▶ **Problem requirements**: The data should be written out in full, exactly as it stands, and the pictures dropped.
[Extracted material Boundary: Start]
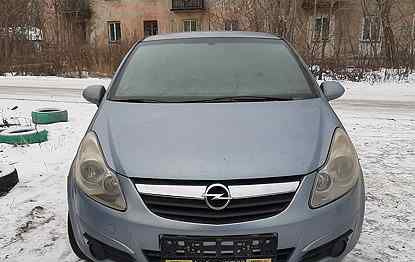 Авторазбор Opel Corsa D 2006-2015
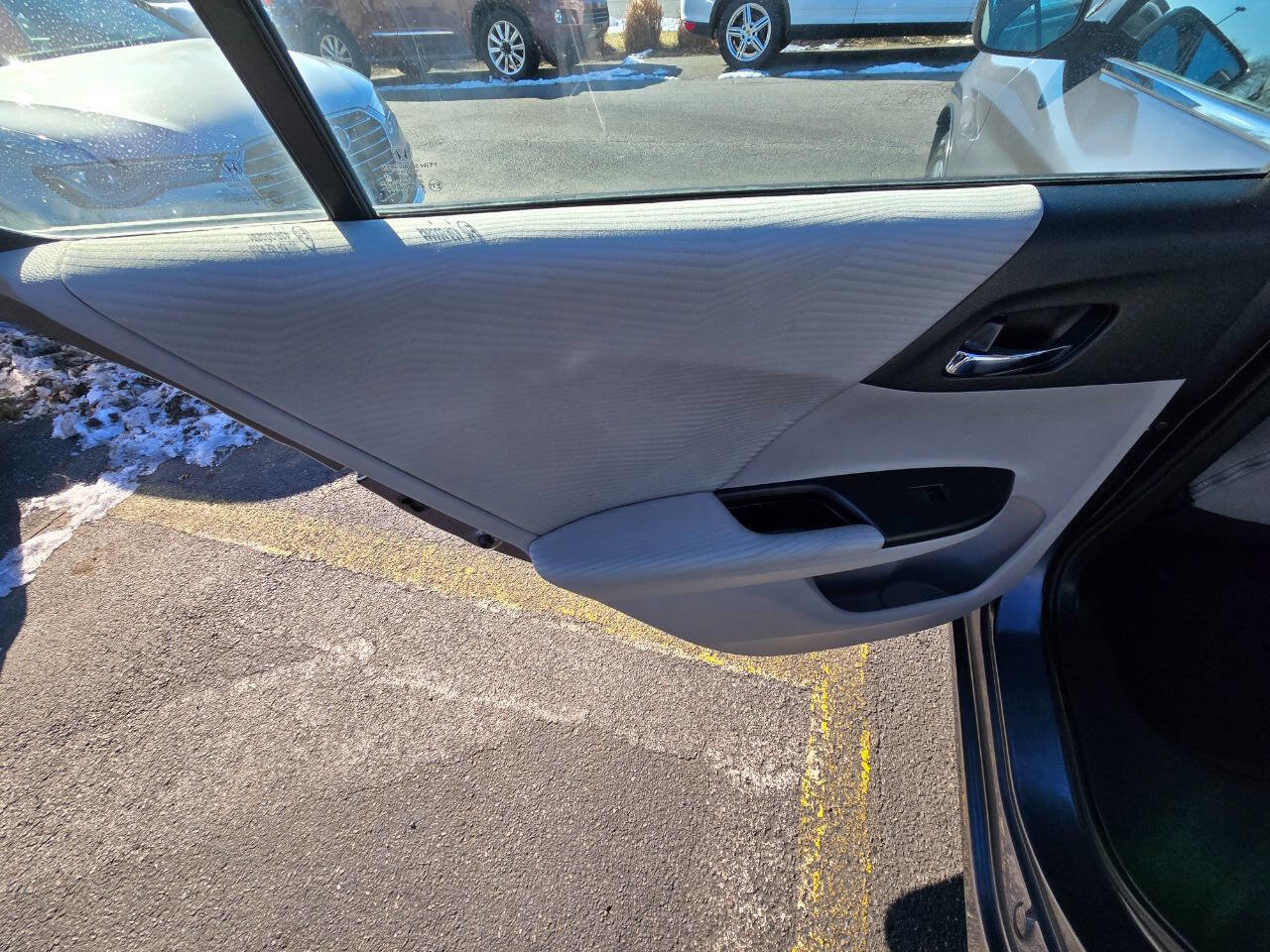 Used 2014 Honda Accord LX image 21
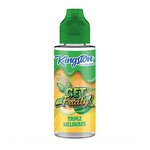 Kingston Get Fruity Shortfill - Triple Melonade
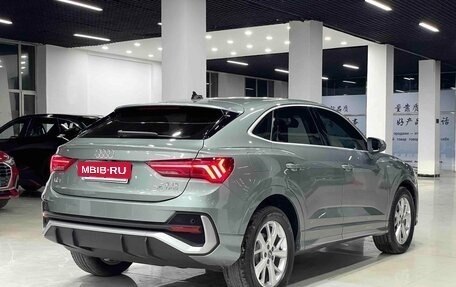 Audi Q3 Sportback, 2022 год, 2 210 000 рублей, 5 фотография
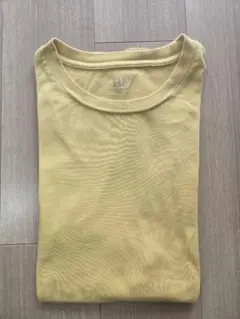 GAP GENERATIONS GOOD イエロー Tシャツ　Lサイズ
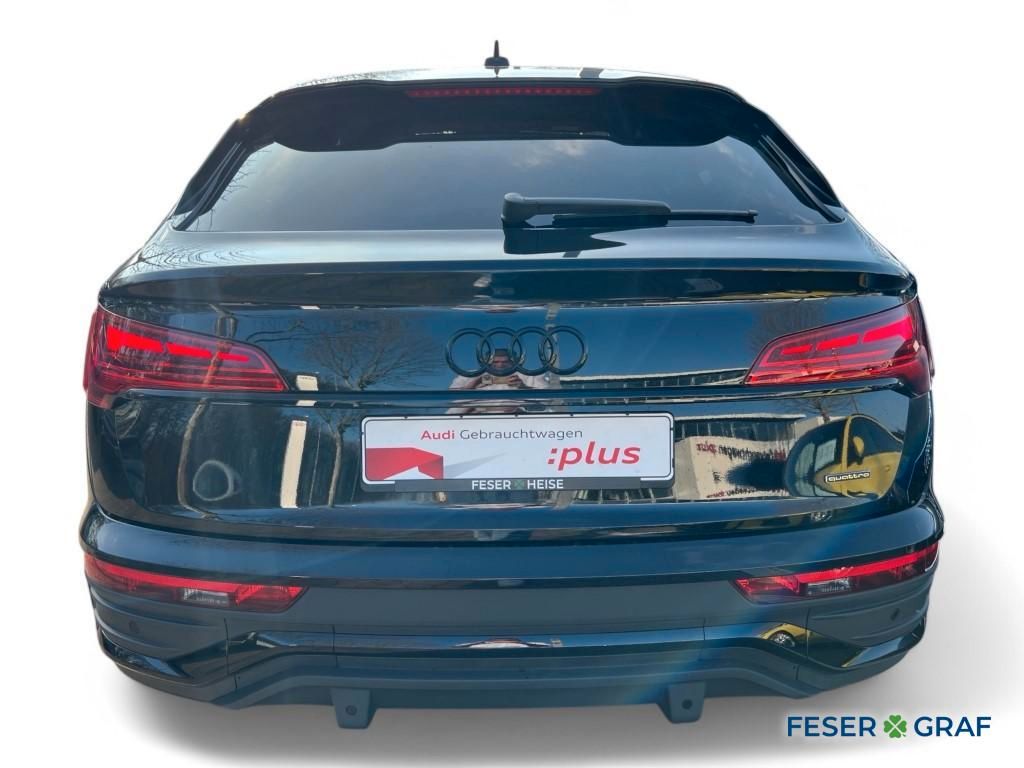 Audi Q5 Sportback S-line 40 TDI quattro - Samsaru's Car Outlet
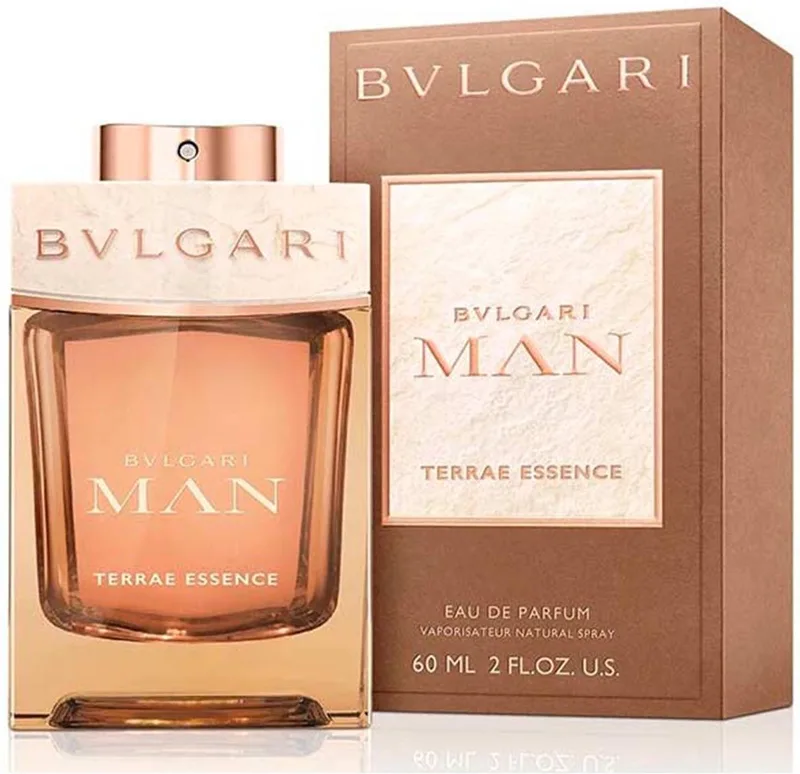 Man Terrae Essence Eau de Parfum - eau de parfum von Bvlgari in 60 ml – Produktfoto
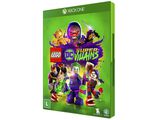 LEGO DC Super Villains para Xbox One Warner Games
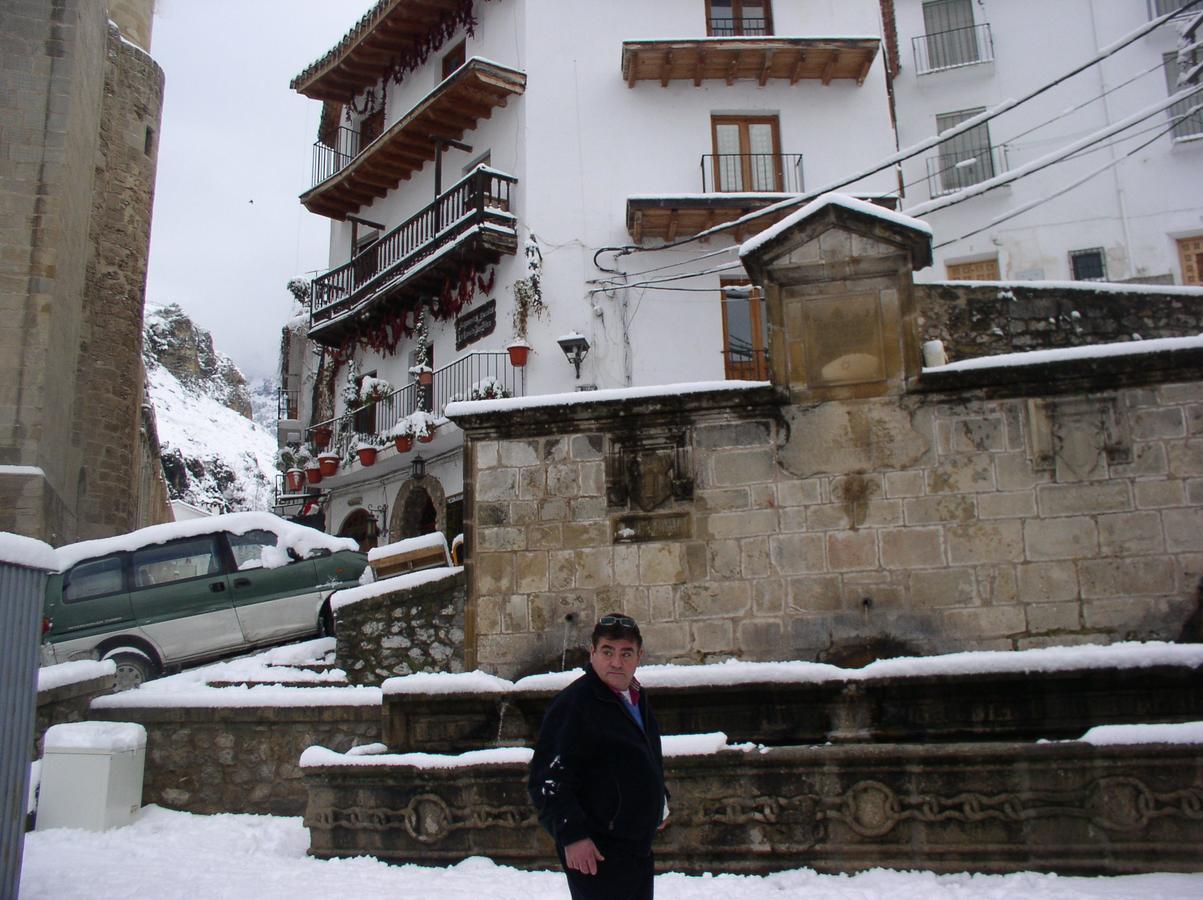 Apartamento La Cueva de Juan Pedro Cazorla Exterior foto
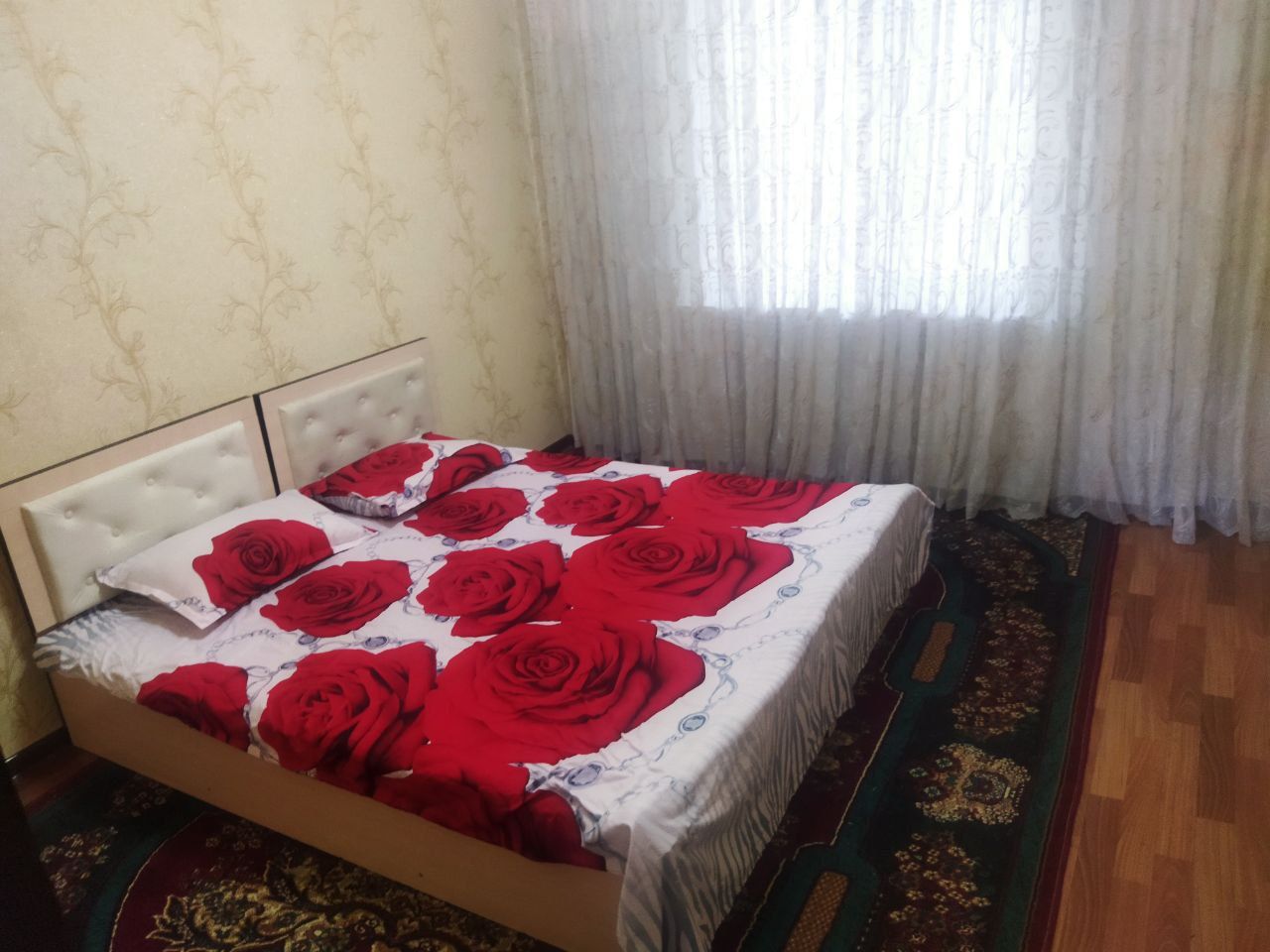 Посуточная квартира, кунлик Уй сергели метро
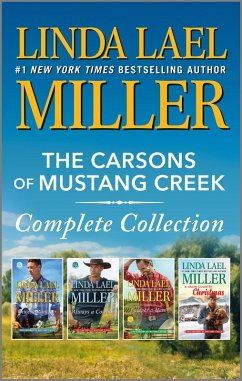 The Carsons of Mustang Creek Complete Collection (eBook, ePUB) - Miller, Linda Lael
[Extracted material Boundary: End]
▶ **Your response**:
 Авторазбор Opel Corsa D 2006-2015
 Used 2014 Honda Accord LX image 21
 Kingston Get Fruity Shortfill - Triple Melonade
 Audi Q3 Sportback, 2022 год, 2 210 000 рублей, 5 фотография
 GAP GENERATIONS GOOD イエロー Tシャツ　Lサイズ
 Audi Q5 Sportback S-line 40 TDI quattro - Samsaru's Car Outlet
 Man Terrae Essence Eau de Parfum - eau de parfum von Bvlgari in 60 ml – Produktfoto
 LEGO DC Super Villains para Xbox One Warner Games
 Apartamento La Cueva de Juan Pedro Cazorla Exterior foto
 Посуточная квартира, кунлик Уй сергели метро
 The Carsons of Mustang Creek Complete Collection (eBook, ePUB) - Miller, Linda Lael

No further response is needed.